## Task directions
Among the entries that follow, locate the line with "Reassembling the dryer" and the line with "Hey guys, Frank". Output those lines and all lines in between, exactly, minus the pictures.

## Provided data
▽
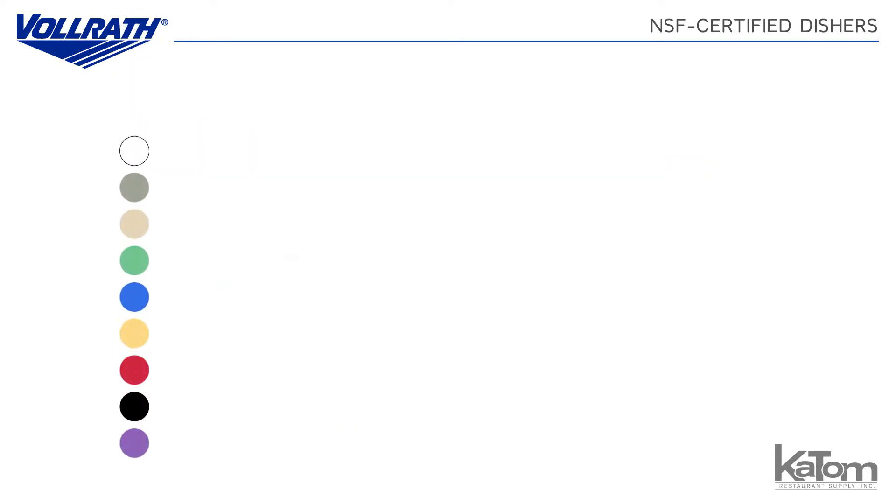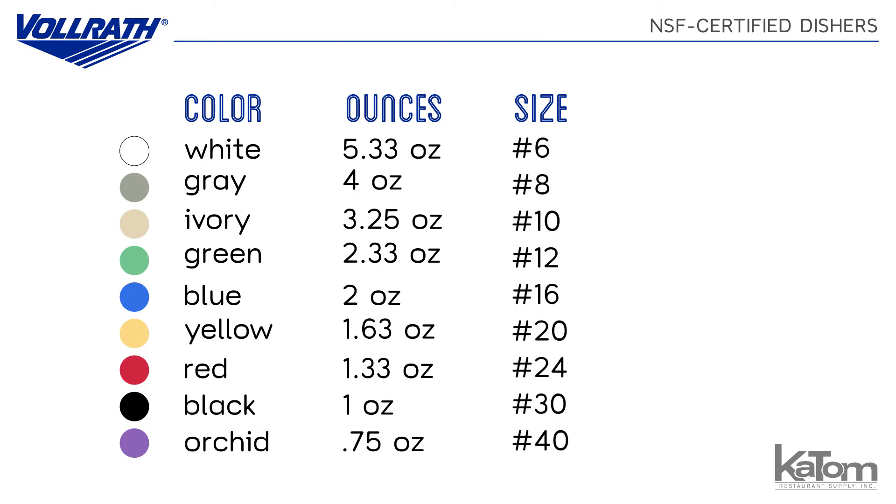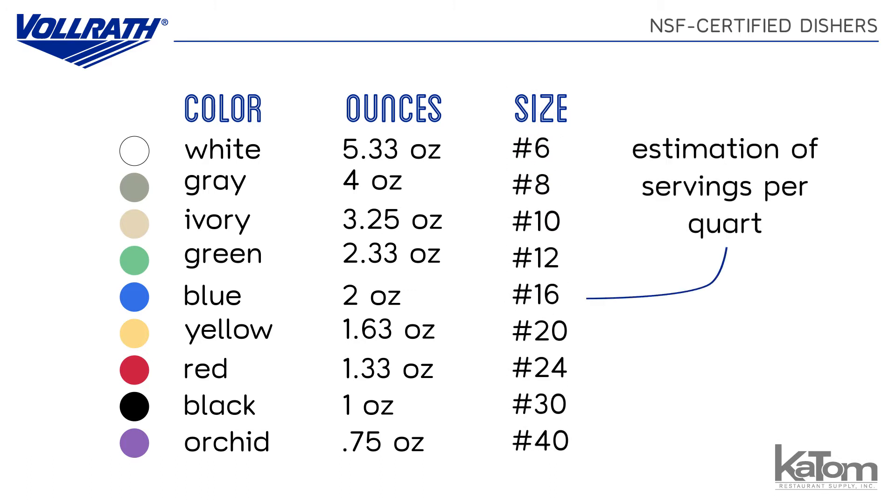To take the guesswork out of finding the right disher, the handles are color-coded with each color corresponding to a numbered size. That size gives you a rough estimation of how many servings per quart the disher will produce.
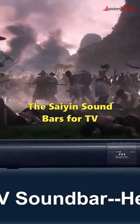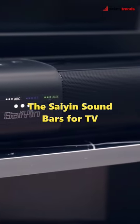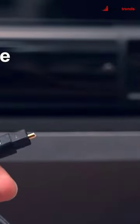The Scion Sound Bars for TV 24 inches offers a combination of style and functionality. Its multiple inputs, including Bluetooth, HDMI ARC, Optical, and AUX, provide you with flexibility in connecting your devices.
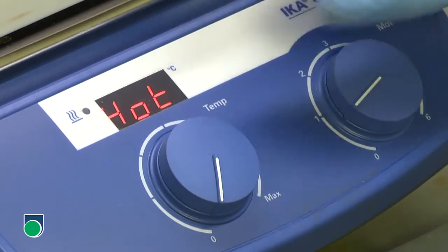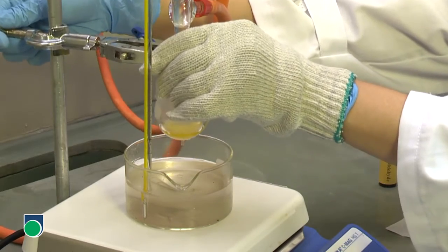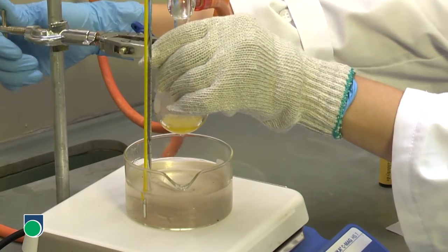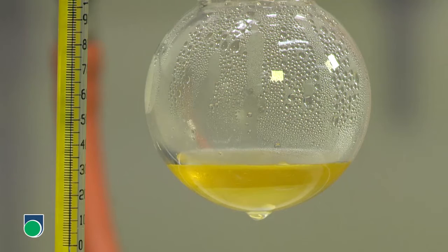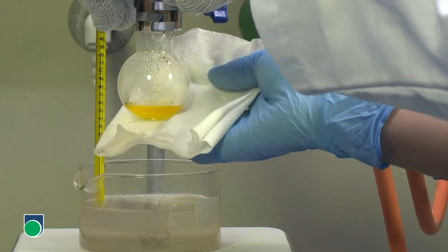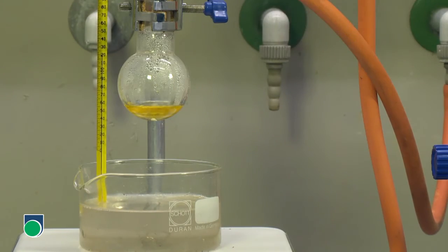When the reflux has finished, turn off the heater. Cool down the reaction mixture to room temperature. Use a piece of tissue to remove the droplets of oil that stick on the bottom of the flask.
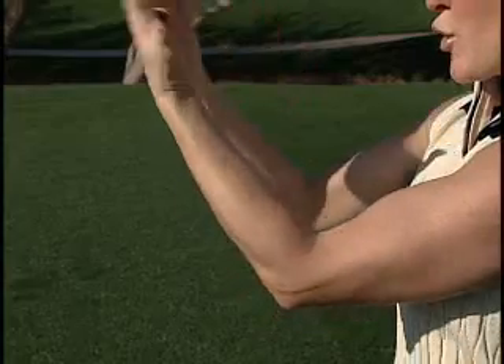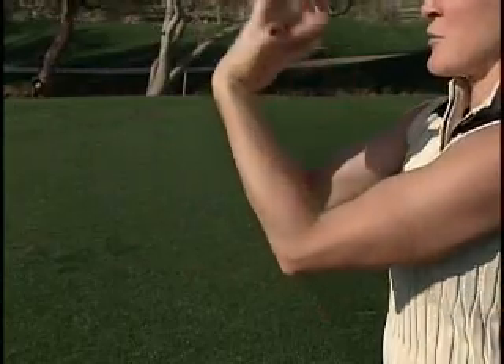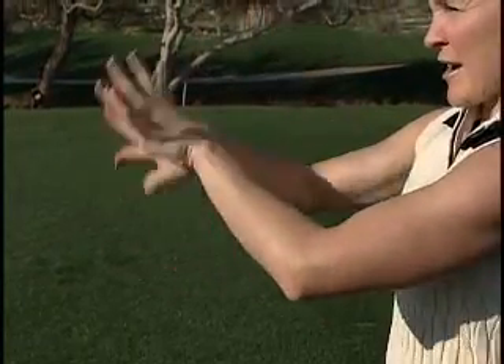Wrist rolls — go ahead and put your hands, back of your wrist together, and just rotate around, rotate around, down. Approximately 10 times one direction, and then reverse the other way.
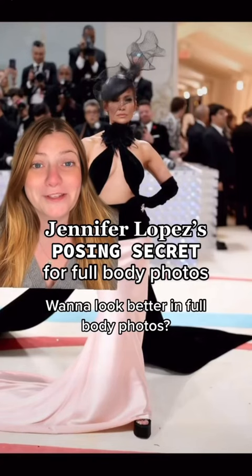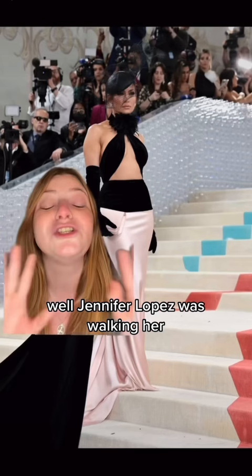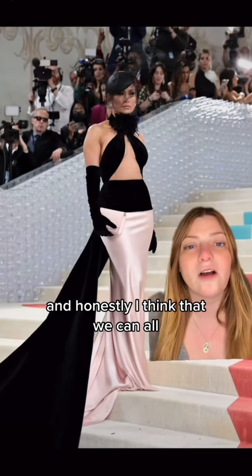Want to look better in full body photos? If so, you absolutely need to do this one thing Jennifer Lopez insists on whenever she takes full body photos. While Jennifer Lopez was walking her 13th Met Gala red carpet, Glamour Magazine captured this really interesting video of her giving a photographer direction on how she wanted to be shot for her full body photos. And honestly, I think that we can all learn a thing or two from her.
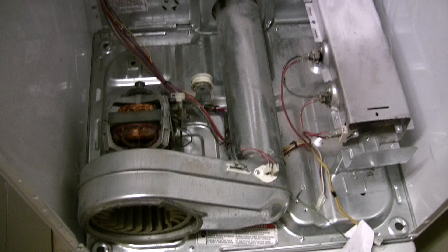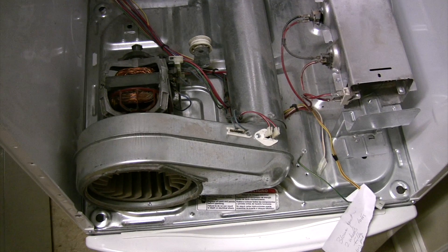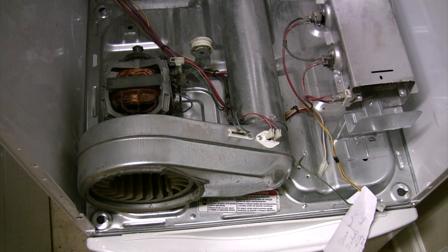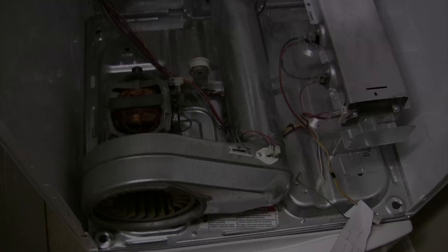Reassembling the dryer takes a little time, but it's fairly easy so I'm not going to get into that. Look for the disassembly and reassembly link. One good thing about taking the dryer apart though was that I was able to remove at least two to three cups of dust.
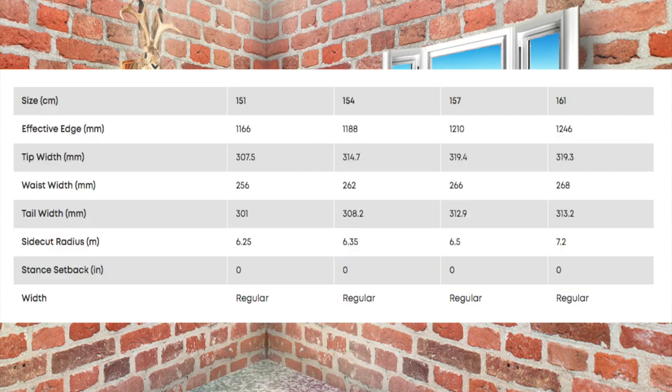This board is available in four sizes: 151, 154, 157, and 161.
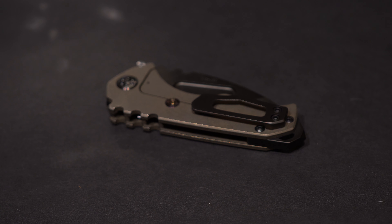Hey guys, Frank here. I'm so stoked about this video. I've been waiting to receive this knife for about six months. I received it maybe a couple of weeks ago but I was away from home for work.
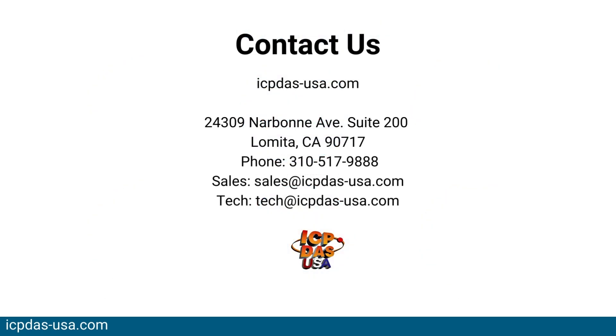To learn more about the M7017, visit our website or contact a member of the ICP-DAS USA team.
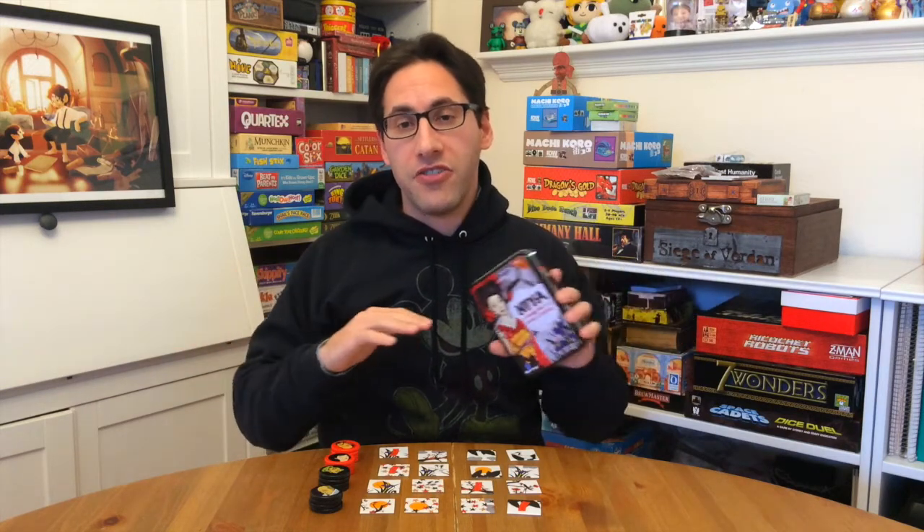I'm Edo, and this is Nia by Bruno Cathala, published by Blue Orange Games. Many of you probably know Blue Orange Games because they make a lot of fantastic kids games or family games, like Spot It, Pangaloo, and just a wide range of cool titles.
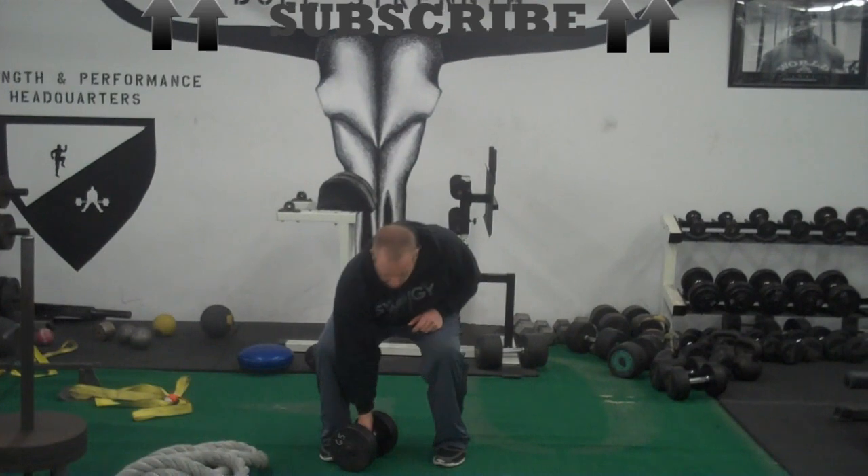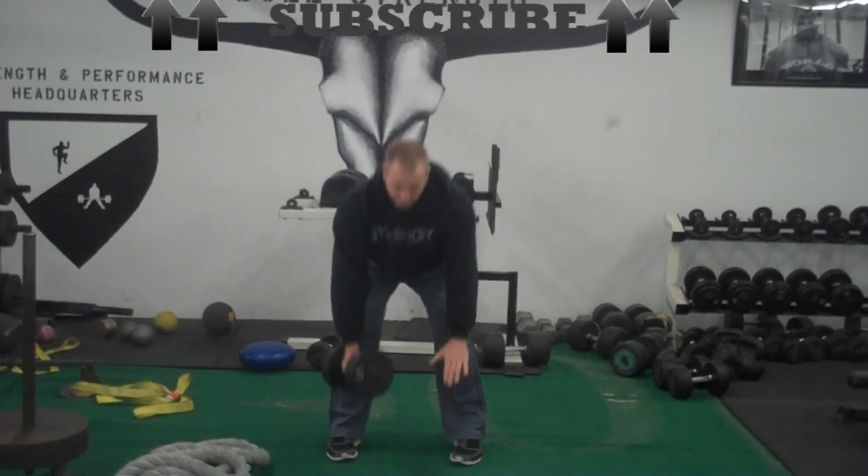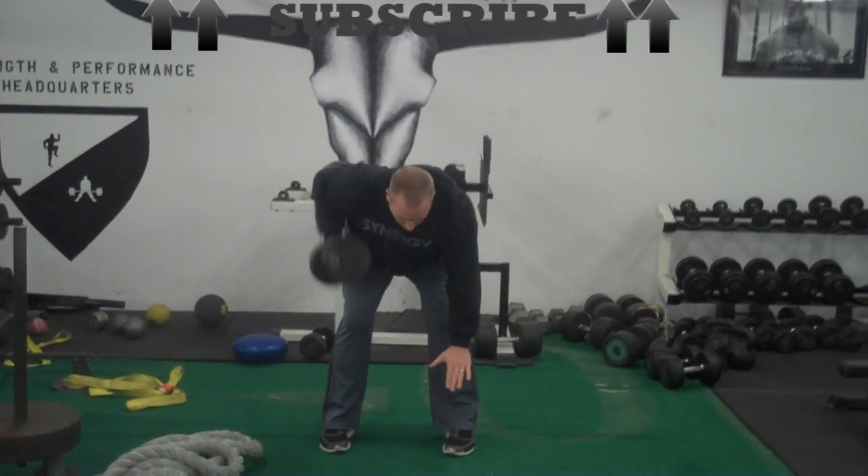I'm going to start from the top, slide the dumbbell down. Where the other dumbbell would be, I'm going to place my hands, I'm going to stretch, and I'm going to row.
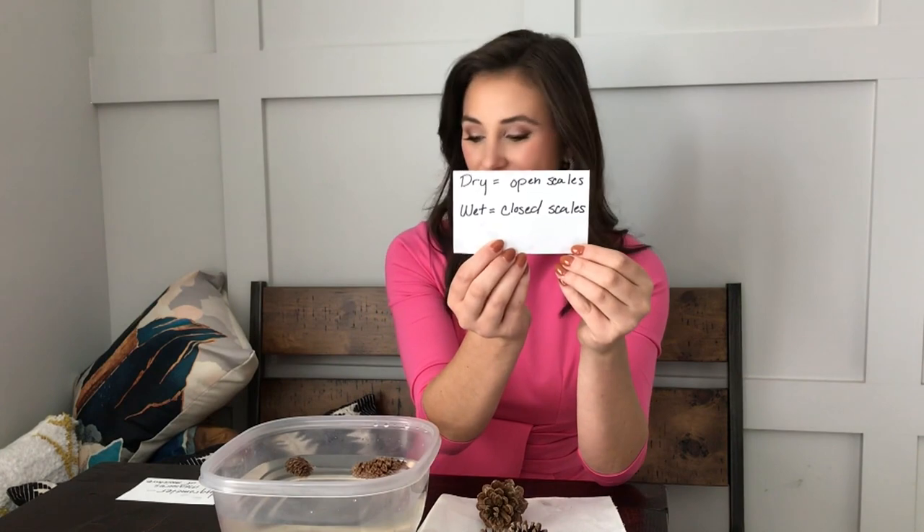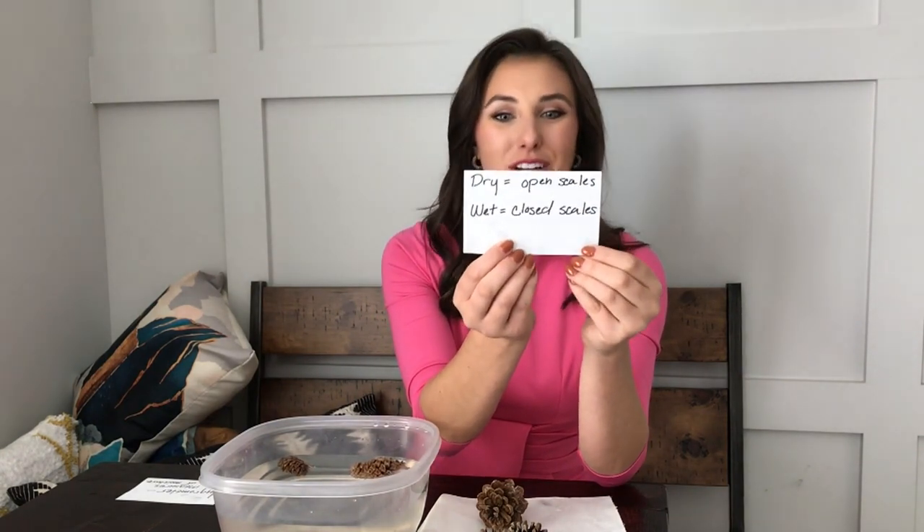So dry conditions mean open scales for the pine cones, while wet or humid conditions mean those pine cone scales will be closed. Have fun doing this at home!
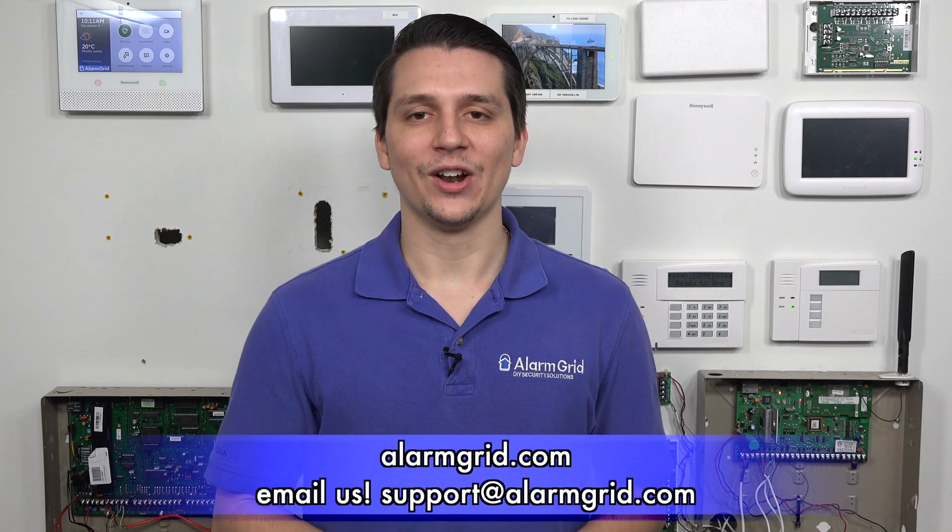There is one more Optex motion detector available — the Optex FTN-RRHW. This is an outdoor motion detector that is more affordable than the 5800PIR-OD, though it is a little less powerful, but still very reliable. Those are the motion detectors compatible with the Honeywell Lynx Touch L7000. If you have any further questions, please contact us at support@alarmgrid.com or visit alarmgrid.com. If you found this video helpful, please like and subscribe and click the bell icon for notifications. This is Jarrett with Alarm Grid — have a great day.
△
## Written answer
Reassembling the dryer takes a little time, but it's fairly easy so I'm not going to get into that. Look for the disassembly and reassembly link. One good thing about taking the dryer apart though was that I was able to remove at least two to three cups of dust.
This board is available in four sizes: 151, 154, 157, and 161.
Hey guys, Frank here. I'm so stoked about this video. I've been waiting to receive this knife for about six months. I received it maybe a couple of weeks ago but I was away from home for work.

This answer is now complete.